* **PROBLEM**:
Exactly the lines starting at the line containing "this 1024×690 image." and ending at the line containing "this 474×296 image." are to be written out from the listing below, both included.

* **DATASET EXCERPTS**:
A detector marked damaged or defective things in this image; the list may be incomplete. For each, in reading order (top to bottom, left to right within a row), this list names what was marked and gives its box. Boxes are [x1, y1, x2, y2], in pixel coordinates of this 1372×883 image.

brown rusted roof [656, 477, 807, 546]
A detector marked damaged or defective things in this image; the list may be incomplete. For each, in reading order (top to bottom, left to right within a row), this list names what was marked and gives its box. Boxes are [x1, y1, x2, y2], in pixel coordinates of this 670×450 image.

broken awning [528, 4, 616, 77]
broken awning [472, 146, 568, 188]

==

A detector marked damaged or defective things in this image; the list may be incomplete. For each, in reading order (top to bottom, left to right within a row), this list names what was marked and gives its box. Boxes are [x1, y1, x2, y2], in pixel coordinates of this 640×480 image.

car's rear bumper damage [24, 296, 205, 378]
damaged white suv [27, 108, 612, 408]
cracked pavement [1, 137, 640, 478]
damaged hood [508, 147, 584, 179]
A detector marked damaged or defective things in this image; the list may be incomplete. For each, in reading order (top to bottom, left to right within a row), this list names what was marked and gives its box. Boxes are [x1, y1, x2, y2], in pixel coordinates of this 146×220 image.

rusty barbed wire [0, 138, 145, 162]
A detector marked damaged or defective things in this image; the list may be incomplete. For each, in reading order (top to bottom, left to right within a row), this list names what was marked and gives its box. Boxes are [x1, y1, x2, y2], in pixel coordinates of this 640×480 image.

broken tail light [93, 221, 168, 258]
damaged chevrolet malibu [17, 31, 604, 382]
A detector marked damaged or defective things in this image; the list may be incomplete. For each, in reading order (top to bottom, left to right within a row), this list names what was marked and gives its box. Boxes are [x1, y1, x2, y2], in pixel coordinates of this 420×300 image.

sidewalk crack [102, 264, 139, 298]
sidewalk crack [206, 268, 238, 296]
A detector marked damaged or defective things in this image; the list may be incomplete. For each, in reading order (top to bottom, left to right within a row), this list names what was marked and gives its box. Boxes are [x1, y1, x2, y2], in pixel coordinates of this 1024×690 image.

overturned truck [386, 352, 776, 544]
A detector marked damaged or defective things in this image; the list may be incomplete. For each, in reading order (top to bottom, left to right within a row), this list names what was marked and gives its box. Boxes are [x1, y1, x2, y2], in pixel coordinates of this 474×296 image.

* **EXERCISE ANSWER**:
A detector marked damaged or defective things in this image; the list may be incomplete. For each, in reading order (top to bottom, left to right within a row), this list names what was marked and gives its box. Boxes are [x1, y1, x2, y2], in pixel coordinates of this 1024×690 image.

overturned truck [386, 352, 776, 544]
A detector marked damaged or defective things in this image; the list may be incomplete. For each, in reading order (top to bottom, left to right within a row), this list names what was marked and gives its box. Boxes are [x1, y1, x2, y2], in pixel coordinates of this 474×296 image.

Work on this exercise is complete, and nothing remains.